Roads, vehicles, and lazy habits can wreck a hunt fast
The night-season rules make one road rule very clear: lights cannot be cast from a public road. They also cannot be used from or attached to a mechanized or motorized vehicle. Those lines matter because a lot of bad habits start at the truck door.
Even on private land, Tennessee’s rule on stationary vehicles does not let a hunter shoot from or across a public road or right-of-way. That road line stays red. And because the night season is shotgun only, a hunter who shows up with a rifle, a thermal scope, and a truck light has already stepped off the legal path before the first set begins.
The cleaner habit is simple. Keep the hunt off the public road. Keep the light off the public road. Keep the vehicle out of the shot unless you are inside the narrow private-land stationary-vehicle rule and nowhere near a public right-of-way.
There is no coyote bag limit, and regular statewide coyote check-in is not part of the normal rule
TWRA says there is no bag limit for coyotes. The statewide coyote pages also do not set up a normal coyote harvest reporting rule the way Tennessee does for big game. That said, a few public areas can add their own check-station rules. Oak Ridge is one example, where hunters must check in coyotes at the WMA check station.

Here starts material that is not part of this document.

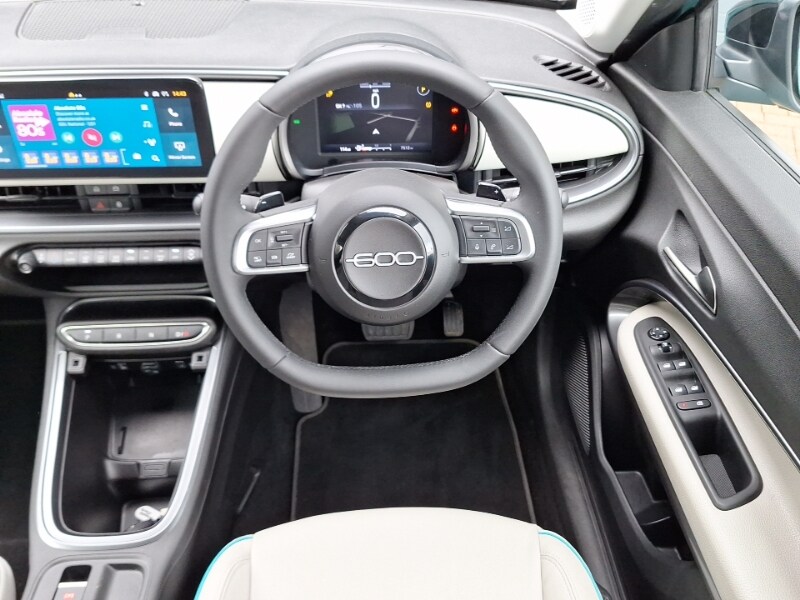 Used Fiat 600 2025 for sale - 77847391: Photo 7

So the plain answer is this: Tennessee does not run coyotes through the normal deer-style check-in lane statewide, but some public properties can still add their own after-the-shot rule.
A plain way to stay legal in Tennessee
Here is the field version in one pass. Tennessee keeps coyotes open year-round with no bag limit, but the normal rule is daylight hunting. The special nighttime coyote season is private-land only, closed on WMAs and other public lands, and closed in much of East Tennessee. In that night season, only shotguns may be used, single-projectile ammunition is barred, dogs are barred, and lights or thermal-style gear cannot come from a public road or a vehicle.
Carry the right hunting license unless you fit a listed exemption, and carry hunter-ed proof if your birth date puts you under that rule. By day, Tennessee allows a broad set of guns and archery gear for coyotes, but bait is illegal and some youth-deer and WMA rules can tighten the weapon answer. If you use dogs, remember that firearms are barred while chasing coyotes with dogs from the first Saturday in November through the end of deer season.
On private land, get permission. On posted land, carry written permission. On public land, read the WMA or area page every time. Some areas let you take coyotes on any open hunt with the weapon legal for that hunt. Others limit centerfire rifles, require deer licenses during deer gun seasons, require free permits, or require check-station stops.
That is Tennessee coyote law once the noise falls away. The statewide answer looks wide at first glance. The real shape of the law comes from the split between daylight and the private-land night season, and from the extra rules that public land can lay on top of both. Know those two pieces, and the rest of the hunt gets a lot clearer.